La película pone en juego la pasión vehemente de Las Casas, que halla en la indignación un motor del pensamiento, la frialdad lógica -que va atornillando argumentos sin asumir las realidades que ocultan- de Sepúlveda (atormentado solo en la reconcentrada, turbia, expresión de Trintignant, el actor, nunca en su implacable discurso), y el pragmatismo como de serpiente del cardenal, quien parece tan capaz de pronunciar su sentencia en favor de los indios como lo sería de dictar otra cualquiera. Y los momentos memorables: el relato de las brutalidades entre el abucheo de los clérigos asistentes, dos encomenderos espiando desde la claraboya, los indios traídos como cobayas que tiritan semidesnudos en la humedad abacial, la repulsiva acción de los bufones convertidos en portavoces de una doble moral, la ira de Las Casas tirando los papeles de Sepúlveda al suelo sin poder ya contenerse, el fondo del canto gregoriano elevándose bellísimo al cierre de las sesiones, el suelo de ajedrez, la penumbra en las celdas nocturnas…
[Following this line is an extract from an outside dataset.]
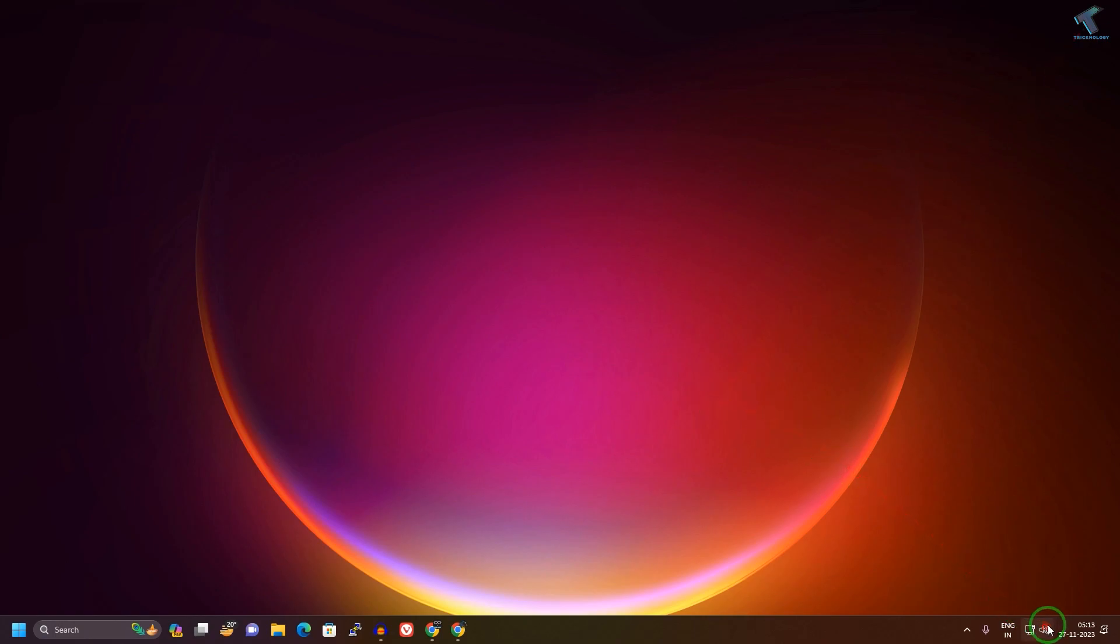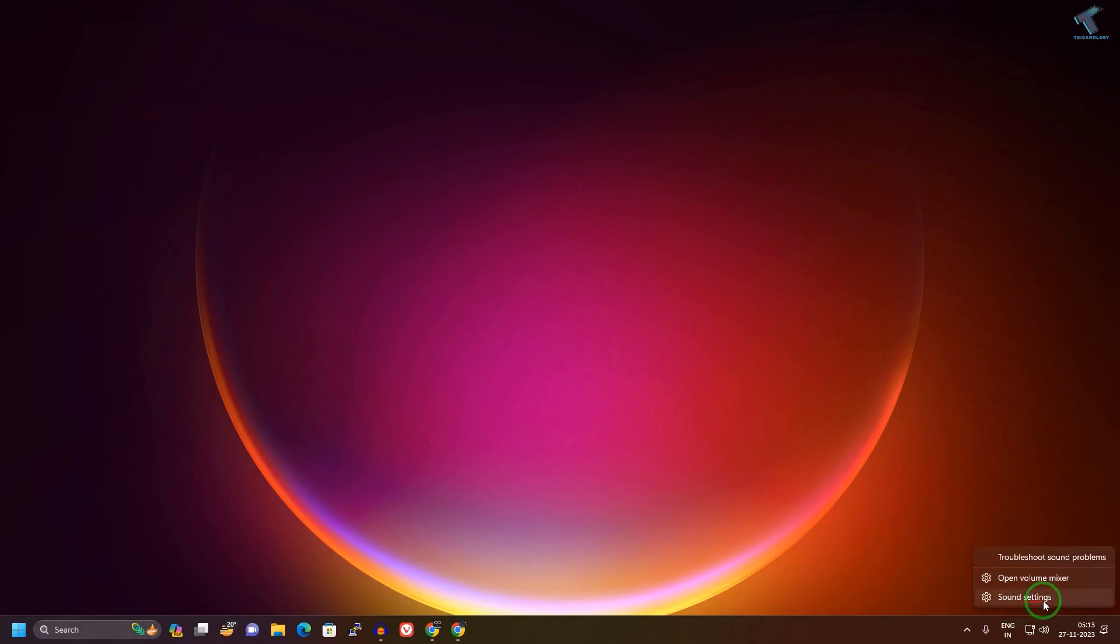First, you need to right-click on your volume icon on your taskbar over here, then click on Sound Settings.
De lo mucho escrito sobre estos episodios, recuerdo ahora el trabajo de Francisco Fernández Buey, en La gran perturbación y en otros textos, él mismo filósofo-activista, como dice del dominico. Su reconocida admiración por Las Casas y el empeño en reivindicarlo, no merman en nada el poder de su análisis, que lleva a cuestionar los relatos habituales sobre la génesis de la modernidad. Mientras Sepúlveda sería el típico humanista del Renacimiento, escritor en latín y experto en Aristóteles, Las Casas bucea en el viejo universalismo medieval y en una inspiración cristiana originaria para esbozar la propuesta de otro tipo de humanismo; el discurso del primero, pronto aliado con el pragmatismo protestante, desembocará en la modernidad capitalista, el reductor racionalismo instrumental; el segundo, en las utopías de la libertad y la igualdad, en un pensamiento crítico que busca cada vez su método para conocer el mundo -y quizá la Ilustración, con sus insalvables contradicciones, fue un fugaz espacio de encuentro de las dos vías, para volver luego a separarse. No sé si Fernández Buey compartiría este resumen, pero sí que le habría gustado conocer, por ejemplo, si no lo conoció, el trabajo del ecuatoriano-mexicano Bolívar Echeverría sobre el Barroco, donde se abre otra puerta semejante para pensar formas alternativas de modernidad.
Carrière hace que el cardenal sugiera a los colonos preocupados por su ruina («si tenemos que pagarles y tratarlos como cristianos, costará mucho dinero») la vía de la esclavitud de los africanos, que –ellos sí– estarían mucho más cerca de los animales. Y lo no dicho parpadea un momento sobre la hermosa capilla: más allá de toda misión religiosa, la conquista ofrece una forma incomparable, privilegiada y en extremo veloz, de acumulación de capital.